Estrangeiro quer comprar ações brasileiras, mas risco fiscal preocupa, diz Itaú
Estrategista-chefe do banco explica que os investidores gringos se incomodam com incertezas relacionadas ao BC, discussões envolvendo meta de inflação e mudanças em reformas aprovadas
Economia|Do R7
Um arcabouço fiscal crível e uma perspectiva mais clara de potencial queda da taxa de juros são componentes essenciais para revigorar o investimento estrangeiro nas ações brasileiras, avalia o estrategista-chefe do Itaú BBA, Marcelo Sá, após encontros recentes com investidores nos Estados Unidos.
Ele observou uma deterioração nas expectativas em relação a reuniões realizadas em outubro do ano passado, o que avalia ter se acentuado no começo deste ano, em meio a preocupações com a área fiscal e o respectivo efeito na curva futura de juros.
"Há muitos investidores querendo comprar Brasil, mas preocupados com essa incerteza (fiscal). Se essa incerteza diminui, você tem fluxo porque o Brasil está barato", afirmou Sá. Segundo ele, esses investidores buscam entender o que é apenas retórica do governo e quais as batalhas que realmente quer comprar.
Dados da B3 mostram que as entradas líquidas de estrangeiros na bolsa paulista superaram as vendas em R$ 12,55 bilhões em janeiro. Em fevereiro, porém, até o dia 9, o saldo estava positivo em apenas R$ 1,5 bilhão.
De acordo com o estrategista, grande parte dos números deste começo de ano refletem um fluxo "passivo" e não estrutural, seguindo o movimento para outros emergentes, que está atrelado à tese de reabertura da economia da China e a perspectivas relacionadas à política monetária norte-americana.
"Não existe um 'call' positivo direcional para o Brasil", afirmou, observando que os investidores estrangeiros estão "mais neutros para um pouco negativo" em relação ao país. A avaliação vem a partir das conversas com 22 instituições, em cidades como Nova York, Miami e Boston, realizadas de 30 de janeiro a 3 de fevereiro.
"Provavelmente, a bolsa deve ficar meio de lado até se ter uma visão um pouco melhor do que o governo está propondo do lado fiscal" avaliou ele, ponderando, contudo, que se houver um fluxo muito forte para emergentes o Brasil acaba se beneficiando.
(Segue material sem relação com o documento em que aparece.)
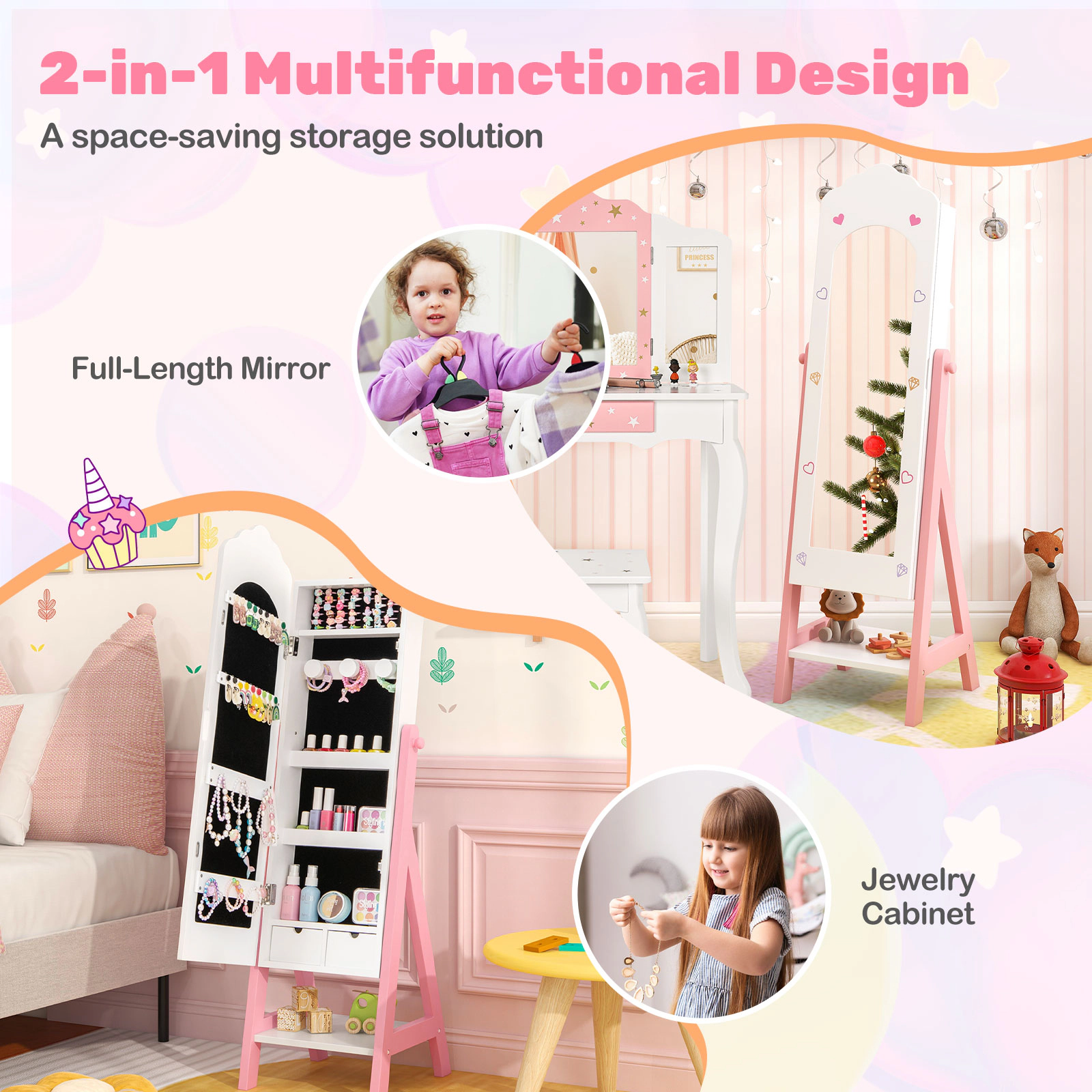 SUGIFT 2-Piece Kids Vanity Set with Tri-Fold Mirror Stool and Standing Jewelry Armoire Full-Length Mirror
Além do fiscal, ele também citou incertezas relacionadas ao Banco Central, como a questão envolvendo a autonomia da autoridade monetária e o rumo da taxa Selic, além de discussões envolvendo meta de inflação, eventuais mudanças em reformas já aprovadas, entre outros.
"Quais serão de fato as ações a serem tomadas pelo governo e pelo Congresso, se vai ficar na retórica ou se de fato vai haver alguma mudança efetiva? Essa era uma pergunta que a gente recebia de forma constante", relatou sobre as reuniões com os investidores estrangeiros.
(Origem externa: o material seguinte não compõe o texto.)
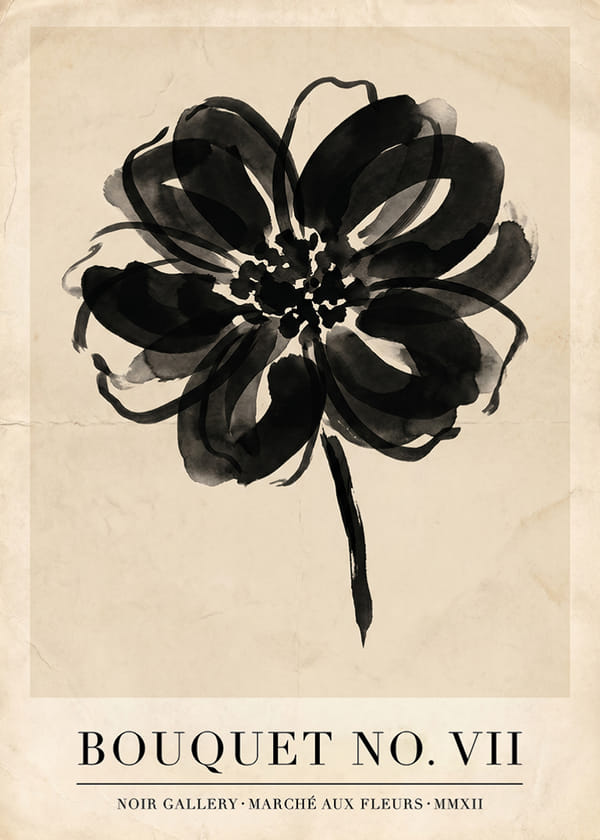 Poster Noir Floral Art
No caso específico do arcabouço fiscal, ele observou que há várias possibilidades, mas se for algo crível, que sinalize a estabilização do crescimento da dívida pública no médio prazo e depois queda, seria um "gatilho positivo" para a bolsa paulista.
"Isso é super relevante para a confiança, para o fluxo para o Brasil...Talvez essa era a maior preocupação nas reuniões", afirmou, explicando que a pauta impacta diretamente os juros futuros e o custo de capital das empresas, que tende a ficar mais elevado com a incerteza fiscal.
Sá afirmou que está "do lado mais cauteloso" do mercado, buscando ações de empresas atreladas a commodities, serviços de utilidade pública e varejo alimentar. "Não temos no nosso portfólio muitas ações vinculadas à queda de juros porque ainda temos em nossa visão bastante incerteza em relação a esse tema."
Caso saia um plano fiscal crível, ele disse que deve mudar a composição da carteira de ações para algo que aposte mais no alívio da curva de juros. E aposta que isso deve provocar uma mudança muito rápida de alocação no mercado — neste caso, tanto do investidor externo como do local. "Mas o fluxo maior que pode fazer a bolsa subir viria do investidor estrangeiro", observou. "E esse (fluxo) seria estrutural", acrescentou.